**Exercise details:** Since pictures do not belong in the copy, please repeat every record below exactly without them.

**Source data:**
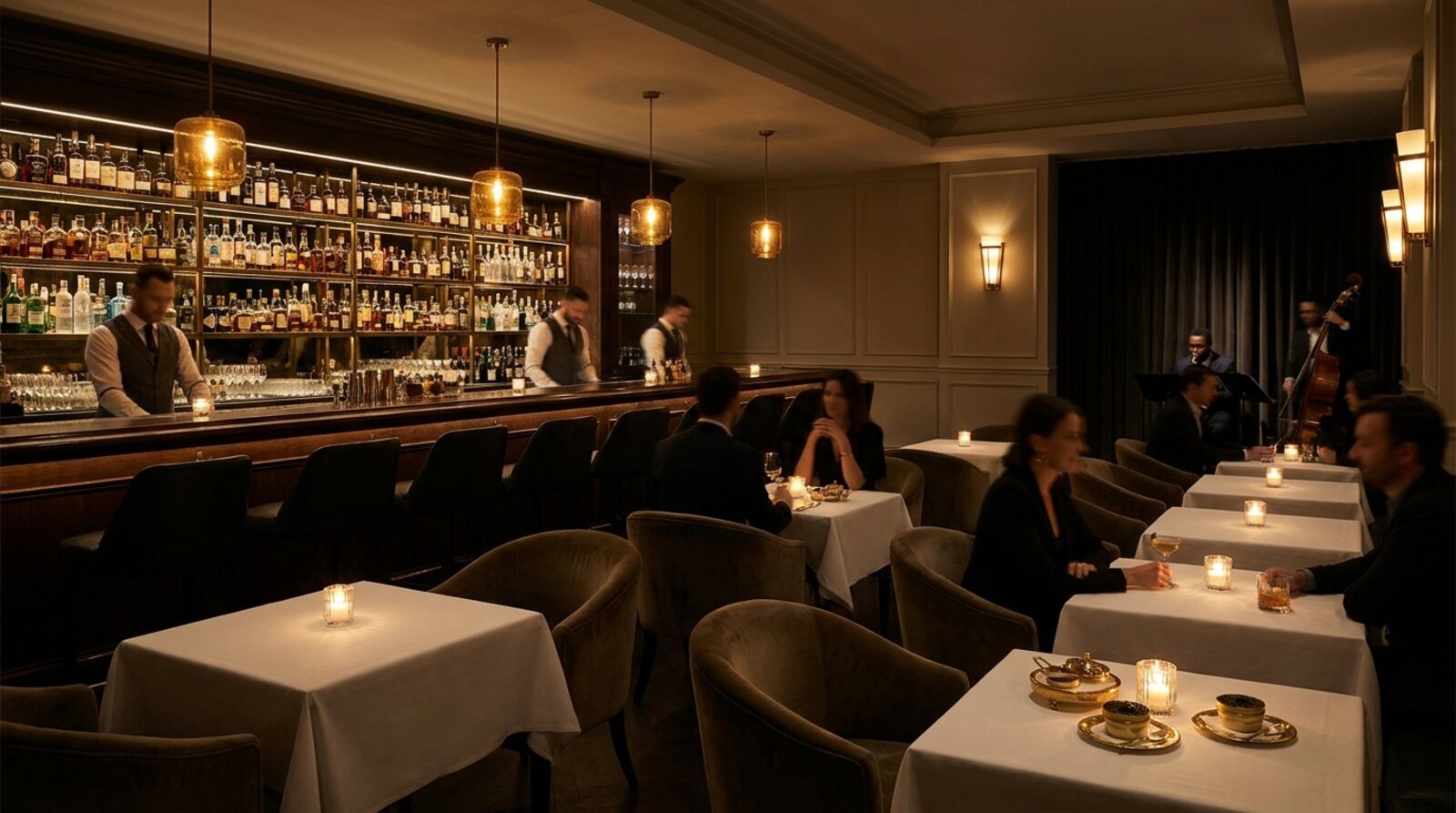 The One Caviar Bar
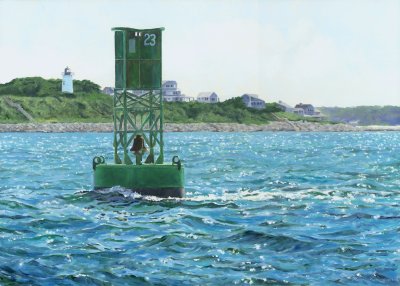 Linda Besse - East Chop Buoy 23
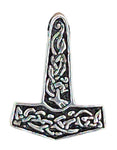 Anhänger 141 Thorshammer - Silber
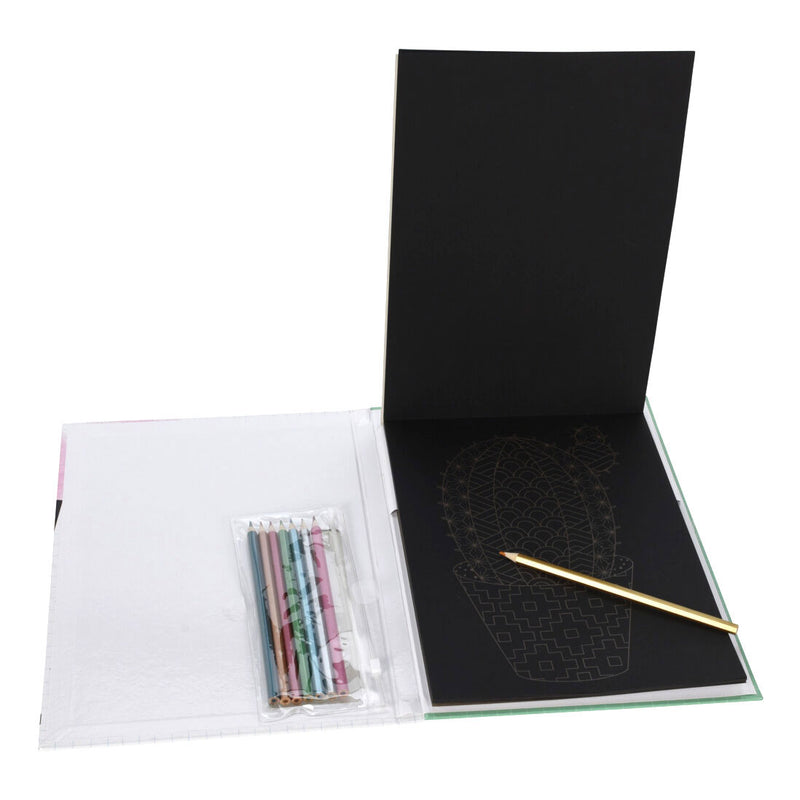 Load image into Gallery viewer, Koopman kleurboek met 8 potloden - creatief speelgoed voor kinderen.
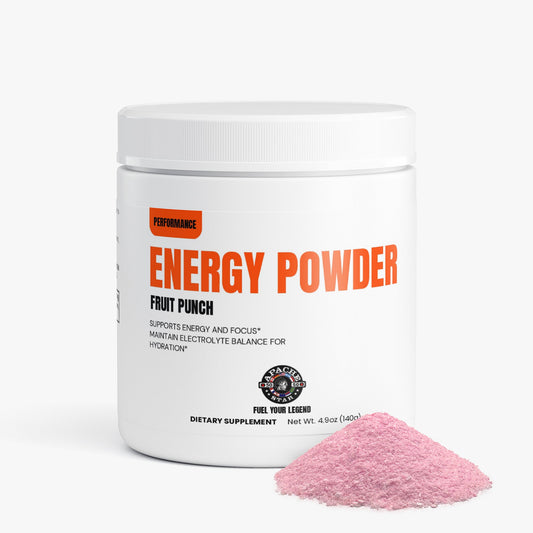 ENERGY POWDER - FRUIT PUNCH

**Solved exercise:**
 The One Caviar Bar
 Linda Besse - East Chop Buoy 23
 Anhänger 141 Thorshammer - Silber
 Load image into Gallery viewer, Koopman kleurboek met 8 potloden - creatief speelgoed voor kinderen.
 ENERGY POWDER - FRUIT PUNCH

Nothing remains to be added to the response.